Mas, vivemos em tempos tão intensos e cheios de significados e contradições, que esse texto vai tomar um outro rumo.
Subi no carro e notei que na porta, naqueles bolsos que, a depender do modelo do automóvel, podem ser enormes, havia um chocalho para bebês. Não pude deixar de dar um sorriso involuntário.
No caminho fomos falando daquelas amenidades que motorista e passageiro trocam de forma quase universal: o clima, costumeiramente quente no fim do ano, o trânsito, igualmente pesado no começo da noite de sábado.
Até que ele começa a mexer no app da plataforma e solta desanimado: "Hoje, não fiz cem reais de apurado".
Começamos a falar sobre o trabalho por app, as longas e extenuantes jornadas, os sufocos, os clientes chatos e os que ele adorou conduzir.
Então ele se volta pra mim e dispara:
"Depois da sua vou pegar mais uma corrida e vou para casa.
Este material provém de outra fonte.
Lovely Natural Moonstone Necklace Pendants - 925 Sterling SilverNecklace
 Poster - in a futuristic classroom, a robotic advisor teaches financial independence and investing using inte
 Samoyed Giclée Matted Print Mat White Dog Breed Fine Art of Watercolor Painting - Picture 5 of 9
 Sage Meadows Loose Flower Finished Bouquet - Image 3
Essa época do ano, melhor está com a família à noite. Com a esposa, a minha menininha e o bebê. Ainda tem minha sogra que tá nos visitando".
Observei o quanto era importante estar com os filhos pequenos. Ainda mais nessa época do ano.
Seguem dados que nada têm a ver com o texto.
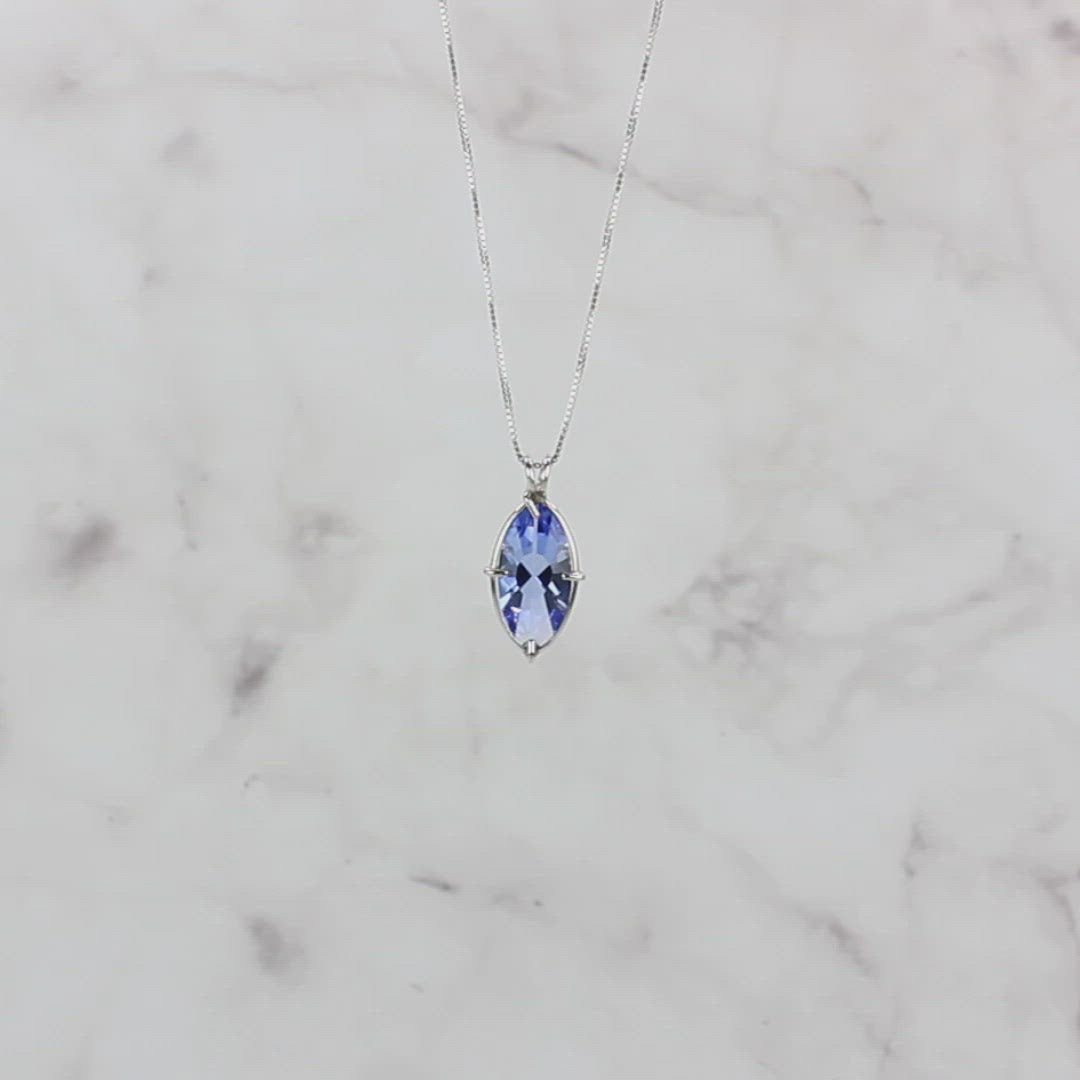 Siberian Blue Quartz Infinite Eye Chain Pendant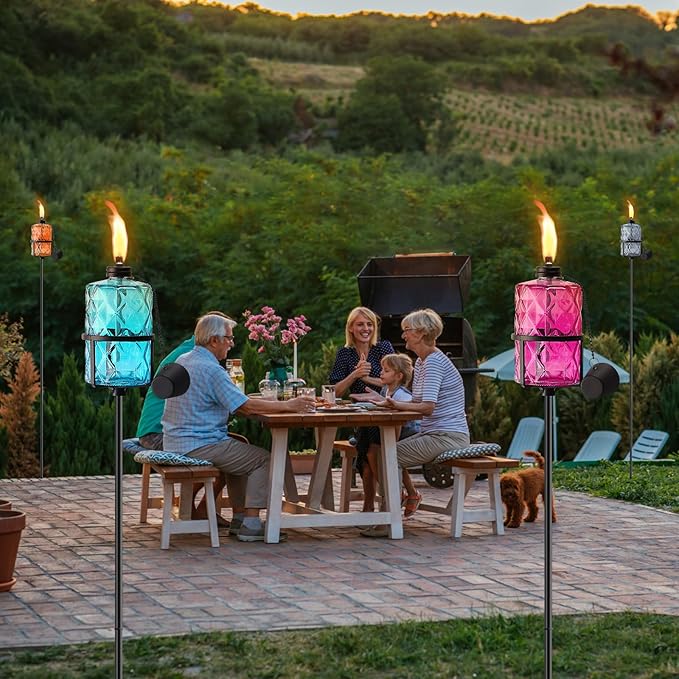 4 Pack Colorful Glass Garden Torch,60-Inch Outdoor Torch Garden Décor, Upgraded 12 oz Citronella Torches with 3-Prong Grounded Stake,Metal Light Torches for Party Patio Pathway
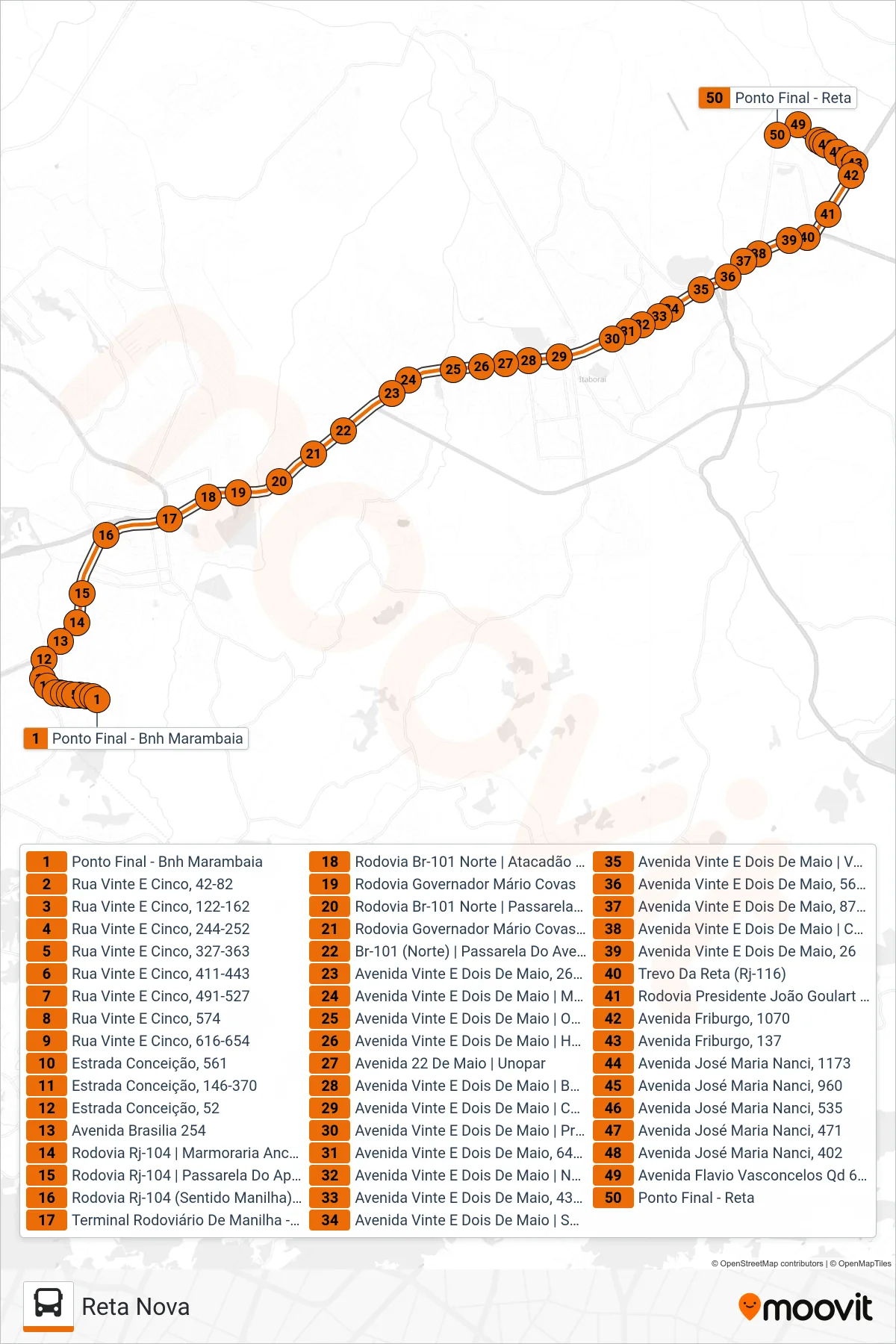Rota e paradas da linha de ônibus  76  (Reta Nova) no mapa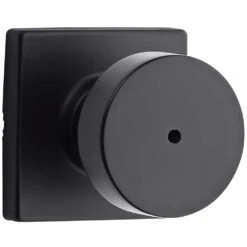 Kwikset Signature Series Pismo Knob X Square Rose Iron Black Privacy Lockset Right Or Left Handed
"Se é! E crescem muito rápido. E não quero perder nada deles. Por nada. Muito menos por trabalho. Vou para casa, brinco com eles, fico com a família. E amanhã, domingo, saio e faço o dinheiro para pagar os cartões".
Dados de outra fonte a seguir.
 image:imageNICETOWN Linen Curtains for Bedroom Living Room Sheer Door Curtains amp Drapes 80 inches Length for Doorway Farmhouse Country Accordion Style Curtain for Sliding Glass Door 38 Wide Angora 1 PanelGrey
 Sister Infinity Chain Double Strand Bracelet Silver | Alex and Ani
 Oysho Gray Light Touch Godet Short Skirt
Chegamos, nos despedimos e desci do carro. Durante a apresentação, com músicas belíssimas, que deviam me transportar aos céus, fiquei o tempo todo nesta terra mesmo. Pensando em quantos pais e mães perdem tantas coisas, dando duro para trazer os recursos necessários para família. Quanto a voracidade do capitalismo nos desumaniza a ponto de transformar a cada um de nós engrenagens do sistema.
Jornadas de trabalho amplas e sem nenhum sentido. Postos de trabalho fechados sem nenhuma reflexão do impacto social. Desigualdades naturalizadas ao extremo. E pensar que o natal celebra o nascimento de um homem que, acima de tudo, prezava a justiça social, a igualdade.